── Records for processing ──

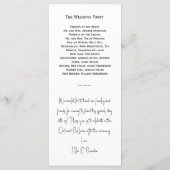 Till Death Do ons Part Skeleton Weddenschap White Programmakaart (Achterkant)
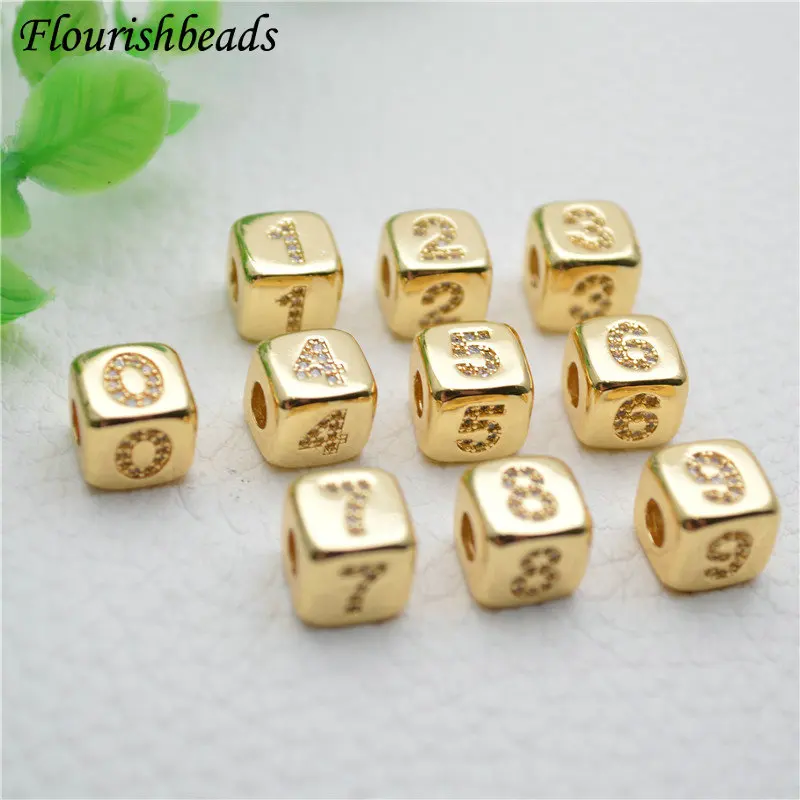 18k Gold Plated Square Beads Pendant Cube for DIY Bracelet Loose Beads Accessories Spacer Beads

───
── Records for processing ──

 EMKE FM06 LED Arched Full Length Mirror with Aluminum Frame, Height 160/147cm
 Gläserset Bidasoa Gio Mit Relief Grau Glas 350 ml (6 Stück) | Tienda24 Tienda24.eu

───

In the data above, start at the line that has "EMKE FM06 LED", stop after the line that has "Gläserset Bidasoa Gio", and print every line in between exactly as it stands.

 EMKE FM06 LED Arched Full Length Mirror with Aluminum Frame, Height 160/147cm
 Gläserset Bidasoa Gio Mit Relief Grau Glas 350 ml (6 Stück) | Tienda24 Tienda24.eu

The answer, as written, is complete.